M. Guy Benarroche, rapporteur pour avis. - Ajoutons que personne ne demande le droit d'asile de gaîté de coeur, même s'il peut exister, comme partout, des cas de fraude. On ne saurait donc traiter le droit d'asile uniquement par le biais unique de ceux qui le solliciteraient de manière indue. Notre pays s'honore d'avoir accueilli nombre de personnes qui en ont bénéficié.
La CNDA voit son budget augmenter de 3 millions d'euros pour 2025. La construction de son nouveau siège, à Montreuil, mobilise 100 millions d'euros. Nous savons cependant qu'il sera surdimensionné par rapport aux besoins de la Cour, qui ont été sensiblement réduits en raison de la territorialisation. Celle-ci envisage déjà avec l'État de louer une partie des locaux de Montreuil à d'autres administrations.
L'amendement II-1737 que je vous soumets prévoit la création d'un nouvel indicateur de performances destiné à retracer l'activité des CRC liée à leur nouvelle mission d'évaluation des politiques publiques et d'avis sur les projets d'investissement exceptionnel.

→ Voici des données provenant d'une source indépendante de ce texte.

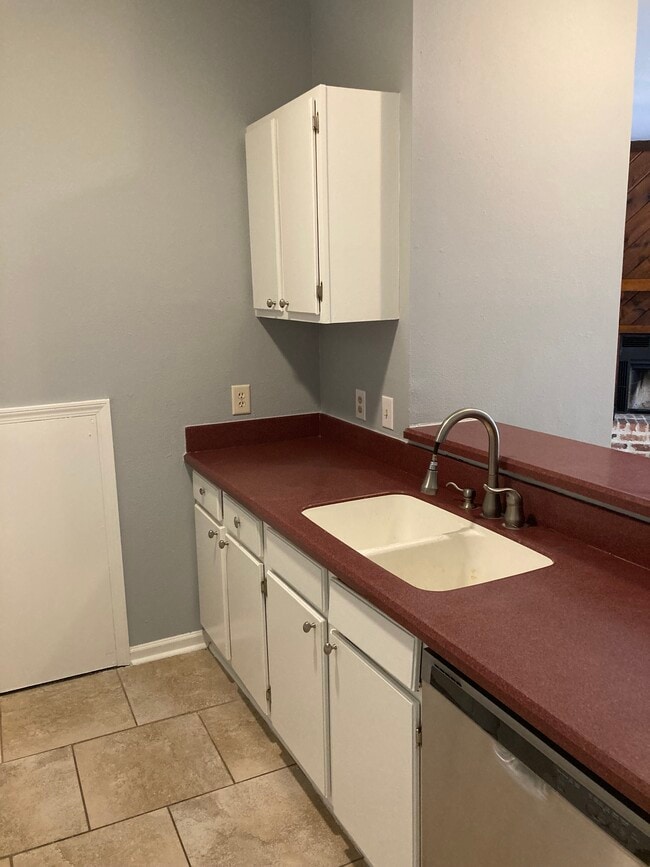 Building Photo - 13715 Kenner Ave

Un tel indicateur permettrait d'évaluer l'activité des juridictions financières à la suite du déploiement du plan « JF 2025 ». Nous l'avons retenu, de préférence à d'autres, au terme de plusieurs échanges avec les magistrats financiers et le Premier président Pierre Moscovici.
L'amendement II-1737 est adopté.
La commission émet un avis favorable à l'adoption des crédits des programmes 164 « Cour des comptes et autres juridictions financières » et 165 « Conseil d'État et autres juridictions administratives » de la mission « Conseil et contrôle de l'État », sous réserve de l'adoption de son amendement.